I know the grades in English as a subject in the recently released KCSE examination were far from stellar, and that is if you particularly base success solely on the grades.

A scrutiny of the objectives to be attained at the end of the four-year course reveals that the attainment of the so-called quality grades is not among the fruits our efforts as teachers should bear. However, since KCSE examination is one of the most significant influencers of the future of a child's life in Kenya, we cannot entirely downplay the importance of the grades.

However, the conversation should not be about how many good grades you get. The students sit the same exams but they have different abilities, they attend different cadres of schools, with different facilities and resources, they hail from different backgrounds and sit the exam under different sets of conditions. Let us talk about how we can help these learners acquire effective reading, writing, speaking and listening skills.

The language teacher should advance this conversation objectively. Ranting and yowling on social media only makes us powerless. Obsession over grades has led to preposterous suggestions, such as adjustment of the grading system, which would lead to the realisation of better grades in English.

What's more ridiculous? Some of us are crying over our beer because History and CRE teachers reap hefty fringe benefits after attaining good grades. This selfishness would make Narcissus jealous. If you are here mainly for the money, you are in the wrong profession. If you want to make money, own a business or buy investments. Quit formal employment.

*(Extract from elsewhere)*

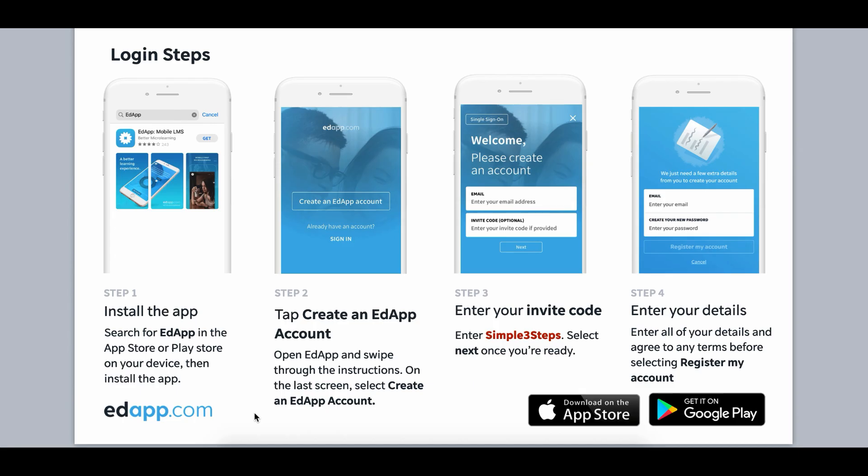Finally for step three, all you need to do is let your users know what the invite code is so they can get on to EdUp and start going through this amazing content.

Every time the results are released, and especially when they fall short of our expectations, we tend to quickly point fingers at others. We rarely ever take responsibility or incur blame. We always find fault with the setting of the questions, the marking and moderation of marking schemes, the grading system, the learners’ ability, among other issues that we apparently cannot control. In all fairness, some of the concerns we raise are genuine. However, we never stop to consider that we sometimes punch below our weight.


There are some essentials that we do not do optimally and if we did them, they would influence the grades for the better. These are things that are within our control.

Robin Sharma, in his excellent self-help book, The 5 AM Club, states that, “Nothing works for those who don’t do the work.” One of the five rules for results he offers is, “Excuses breed no genius.” Therefore, maybe it is time we, the professional implementers of the curriculum, stopped the interminable blame game and instead shifted our focus to self-appraisal. What are we doing right? What are we doing wrong?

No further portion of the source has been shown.